Saved entries:
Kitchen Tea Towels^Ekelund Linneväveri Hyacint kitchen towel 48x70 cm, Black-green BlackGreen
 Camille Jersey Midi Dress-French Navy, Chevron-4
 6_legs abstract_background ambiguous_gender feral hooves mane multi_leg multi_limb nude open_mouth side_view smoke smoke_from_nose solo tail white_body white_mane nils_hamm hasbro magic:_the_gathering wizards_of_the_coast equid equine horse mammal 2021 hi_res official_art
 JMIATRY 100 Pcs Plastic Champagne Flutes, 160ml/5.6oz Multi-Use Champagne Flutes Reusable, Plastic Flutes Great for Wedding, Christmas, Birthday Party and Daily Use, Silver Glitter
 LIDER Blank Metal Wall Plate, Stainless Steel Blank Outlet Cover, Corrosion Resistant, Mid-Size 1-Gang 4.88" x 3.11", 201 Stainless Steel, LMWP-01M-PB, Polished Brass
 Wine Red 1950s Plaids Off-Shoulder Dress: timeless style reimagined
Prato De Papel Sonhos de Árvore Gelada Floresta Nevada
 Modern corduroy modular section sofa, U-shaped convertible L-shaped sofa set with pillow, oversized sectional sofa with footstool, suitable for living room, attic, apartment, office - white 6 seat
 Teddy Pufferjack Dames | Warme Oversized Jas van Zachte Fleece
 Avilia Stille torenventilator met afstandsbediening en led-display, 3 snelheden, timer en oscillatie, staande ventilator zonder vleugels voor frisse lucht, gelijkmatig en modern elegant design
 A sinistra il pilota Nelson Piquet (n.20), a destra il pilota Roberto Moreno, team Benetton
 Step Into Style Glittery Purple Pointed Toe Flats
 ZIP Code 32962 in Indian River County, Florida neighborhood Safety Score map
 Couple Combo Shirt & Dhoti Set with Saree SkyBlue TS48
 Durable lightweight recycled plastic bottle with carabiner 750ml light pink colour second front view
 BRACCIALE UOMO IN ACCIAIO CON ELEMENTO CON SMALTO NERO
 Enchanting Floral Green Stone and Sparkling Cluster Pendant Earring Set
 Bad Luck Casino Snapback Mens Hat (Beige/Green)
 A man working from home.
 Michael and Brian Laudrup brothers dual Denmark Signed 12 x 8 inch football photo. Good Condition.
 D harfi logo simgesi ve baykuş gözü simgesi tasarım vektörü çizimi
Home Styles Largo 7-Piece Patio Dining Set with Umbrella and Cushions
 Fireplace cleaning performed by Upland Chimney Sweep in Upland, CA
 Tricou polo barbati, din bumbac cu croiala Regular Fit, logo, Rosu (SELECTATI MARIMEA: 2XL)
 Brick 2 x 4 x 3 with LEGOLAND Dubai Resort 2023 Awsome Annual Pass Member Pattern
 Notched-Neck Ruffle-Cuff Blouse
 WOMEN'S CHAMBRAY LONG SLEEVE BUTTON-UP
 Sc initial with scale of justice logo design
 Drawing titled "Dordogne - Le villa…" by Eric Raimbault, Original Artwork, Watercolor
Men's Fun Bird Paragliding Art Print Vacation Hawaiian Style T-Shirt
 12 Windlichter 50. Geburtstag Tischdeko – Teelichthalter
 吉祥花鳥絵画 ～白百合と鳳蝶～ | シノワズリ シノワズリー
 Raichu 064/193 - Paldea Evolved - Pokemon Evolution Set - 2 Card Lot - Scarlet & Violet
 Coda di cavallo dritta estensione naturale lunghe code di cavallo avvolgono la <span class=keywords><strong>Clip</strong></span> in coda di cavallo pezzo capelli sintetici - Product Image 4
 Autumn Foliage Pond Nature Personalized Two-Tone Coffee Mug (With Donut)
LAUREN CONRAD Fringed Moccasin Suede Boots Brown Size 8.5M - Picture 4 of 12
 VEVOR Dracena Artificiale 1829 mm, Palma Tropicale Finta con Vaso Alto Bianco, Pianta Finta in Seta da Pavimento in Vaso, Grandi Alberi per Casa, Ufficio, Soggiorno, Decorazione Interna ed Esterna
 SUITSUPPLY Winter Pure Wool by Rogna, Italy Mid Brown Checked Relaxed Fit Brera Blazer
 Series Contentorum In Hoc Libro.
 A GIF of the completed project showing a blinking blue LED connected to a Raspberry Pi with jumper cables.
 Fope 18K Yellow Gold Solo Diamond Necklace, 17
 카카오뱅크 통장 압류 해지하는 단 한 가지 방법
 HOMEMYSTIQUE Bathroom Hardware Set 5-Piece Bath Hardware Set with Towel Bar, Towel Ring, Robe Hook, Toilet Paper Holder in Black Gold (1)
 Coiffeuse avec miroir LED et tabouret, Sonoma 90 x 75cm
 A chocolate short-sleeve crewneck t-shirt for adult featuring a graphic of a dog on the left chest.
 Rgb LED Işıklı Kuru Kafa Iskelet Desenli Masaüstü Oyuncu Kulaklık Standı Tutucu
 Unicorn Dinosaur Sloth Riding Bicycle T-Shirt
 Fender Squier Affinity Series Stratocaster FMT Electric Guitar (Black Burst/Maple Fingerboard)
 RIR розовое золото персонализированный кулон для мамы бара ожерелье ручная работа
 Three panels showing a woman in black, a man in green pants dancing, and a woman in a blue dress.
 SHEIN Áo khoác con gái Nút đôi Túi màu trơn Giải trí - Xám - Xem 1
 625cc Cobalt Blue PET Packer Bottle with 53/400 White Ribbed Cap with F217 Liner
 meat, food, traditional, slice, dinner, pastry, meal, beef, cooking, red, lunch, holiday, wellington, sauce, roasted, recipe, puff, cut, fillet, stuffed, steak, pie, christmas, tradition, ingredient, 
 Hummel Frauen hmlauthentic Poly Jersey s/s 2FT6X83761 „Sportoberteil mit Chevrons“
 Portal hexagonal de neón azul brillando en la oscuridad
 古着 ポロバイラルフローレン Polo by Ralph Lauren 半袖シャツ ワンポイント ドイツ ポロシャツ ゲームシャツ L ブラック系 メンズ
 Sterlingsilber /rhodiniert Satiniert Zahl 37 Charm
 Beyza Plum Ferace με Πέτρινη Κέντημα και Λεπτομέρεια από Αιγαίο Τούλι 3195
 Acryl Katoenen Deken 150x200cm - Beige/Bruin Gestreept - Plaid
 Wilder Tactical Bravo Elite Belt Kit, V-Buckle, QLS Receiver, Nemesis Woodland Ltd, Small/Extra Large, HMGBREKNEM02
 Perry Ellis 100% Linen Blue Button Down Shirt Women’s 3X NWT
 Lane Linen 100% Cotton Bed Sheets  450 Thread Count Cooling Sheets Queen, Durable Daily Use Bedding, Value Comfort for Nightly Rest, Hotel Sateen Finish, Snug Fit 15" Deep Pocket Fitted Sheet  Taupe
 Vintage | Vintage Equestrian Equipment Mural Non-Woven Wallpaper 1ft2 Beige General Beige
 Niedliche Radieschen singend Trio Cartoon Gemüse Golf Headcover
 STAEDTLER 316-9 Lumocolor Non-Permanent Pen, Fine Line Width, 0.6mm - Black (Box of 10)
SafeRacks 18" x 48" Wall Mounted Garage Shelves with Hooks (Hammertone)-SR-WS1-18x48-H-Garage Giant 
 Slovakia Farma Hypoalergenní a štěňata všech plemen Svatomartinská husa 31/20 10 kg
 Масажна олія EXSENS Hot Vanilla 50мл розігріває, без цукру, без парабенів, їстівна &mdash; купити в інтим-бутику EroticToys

Work task — Go through the entries and report every line with the string "logo".

Problem solution —
 D harfi logo simgesi ve baykuş gözü simgesi tasarım vektörü çizimi
 Tricou polo barbati, din bumbac cu croiala Regular Fit, logo, Rosu (SELECTATI MARIMEA: 2XL)
 Sc initial with scale of justice logo design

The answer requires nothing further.